▶ [TASK INSTRUCTIONS]: Which lines of the entries below contain the string "Coffee"? Copy each one.

▶ [EXCERPTED RECORDS]:
···
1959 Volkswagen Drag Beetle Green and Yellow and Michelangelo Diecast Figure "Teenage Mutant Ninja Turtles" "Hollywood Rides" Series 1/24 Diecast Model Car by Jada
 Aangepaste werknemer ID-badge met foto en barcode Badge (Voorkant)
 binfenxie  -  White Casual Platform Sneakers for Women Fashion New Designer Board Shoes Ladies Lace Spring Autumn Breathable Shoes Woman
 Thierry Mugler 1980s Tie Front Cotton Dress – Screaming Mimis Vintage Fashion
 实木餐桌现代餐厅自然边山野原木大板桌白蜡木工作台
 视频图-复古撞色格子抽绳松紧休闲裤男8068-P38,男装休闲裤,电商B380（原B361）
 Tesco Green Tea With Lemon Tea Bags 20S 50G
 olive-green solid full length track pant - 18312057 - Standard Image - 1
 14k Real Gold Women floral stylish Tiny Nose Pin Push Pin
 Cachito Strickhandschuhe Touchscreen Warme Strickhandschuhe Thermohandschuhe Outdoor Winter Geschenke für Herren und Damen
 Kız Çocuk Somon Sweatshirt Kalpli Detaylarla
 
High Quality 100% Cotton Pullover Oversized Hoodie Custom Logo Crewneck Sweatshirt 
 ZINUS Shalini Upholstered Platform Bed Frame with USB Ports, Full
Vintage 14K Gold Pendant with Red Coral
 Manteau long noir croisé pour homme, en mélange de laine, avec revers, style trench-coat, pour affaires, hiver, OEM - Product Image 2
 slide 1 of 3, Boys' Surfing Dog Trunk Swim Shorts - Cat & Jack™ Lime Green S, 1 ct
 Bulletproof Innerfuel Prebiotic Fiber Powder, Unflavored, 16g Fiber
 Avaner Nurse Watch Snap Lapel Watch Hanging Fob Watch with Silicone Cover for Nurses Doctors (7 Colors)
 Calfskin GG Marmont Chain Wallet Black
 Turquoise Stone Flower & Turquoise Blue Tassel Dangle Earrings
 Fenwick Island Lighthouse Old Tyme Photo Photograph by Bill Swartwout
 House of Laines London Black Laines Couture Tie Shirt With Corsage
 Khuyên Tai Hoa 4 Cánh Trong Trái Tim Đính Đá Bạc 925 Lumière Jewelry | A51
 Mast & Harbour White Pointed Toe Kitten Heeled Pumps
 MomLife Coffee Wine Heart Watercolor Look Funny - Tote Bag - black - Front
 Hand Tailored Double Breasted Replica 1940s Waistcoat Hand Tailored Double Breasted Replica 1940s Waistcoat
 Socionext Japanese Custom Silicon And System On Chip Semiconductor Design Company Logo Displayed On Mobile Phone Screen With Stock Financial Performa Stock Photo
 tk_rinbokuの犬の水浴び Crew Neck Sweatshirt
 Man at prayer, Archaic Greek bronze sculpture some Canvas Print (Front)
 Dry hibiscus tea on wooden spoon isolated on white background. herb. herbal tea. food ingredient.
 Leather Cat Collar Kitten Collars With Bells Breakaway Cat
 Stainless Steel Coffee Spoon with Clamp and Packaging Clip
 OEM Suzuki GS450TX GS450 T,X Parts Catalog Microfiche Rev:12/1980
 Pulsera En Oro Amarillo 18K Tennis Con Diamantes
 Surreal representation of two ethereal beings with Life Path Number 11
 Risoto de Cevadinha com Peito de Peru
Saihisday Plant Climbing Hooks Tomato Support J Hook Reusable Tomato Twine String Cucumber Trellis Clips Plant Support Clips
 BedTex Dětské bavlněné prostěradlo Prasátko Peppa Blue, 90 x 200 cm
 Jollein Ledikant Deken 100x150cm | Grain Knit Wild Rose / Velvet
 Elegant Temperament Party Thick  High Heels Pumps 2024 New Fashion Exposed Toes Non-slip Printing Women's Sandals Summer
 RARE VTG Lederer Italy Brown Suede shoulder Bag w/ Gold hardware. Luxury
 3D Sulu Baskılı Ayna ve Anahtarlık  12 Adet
···
▶ [WRITTEN RESPONSE]:
 MomLife Coffee Wine Heart Watercolor Look Funny - Tote Bag - black - Front
 Stainless Steel Coffee Spoon with Clamp and Packaging Clip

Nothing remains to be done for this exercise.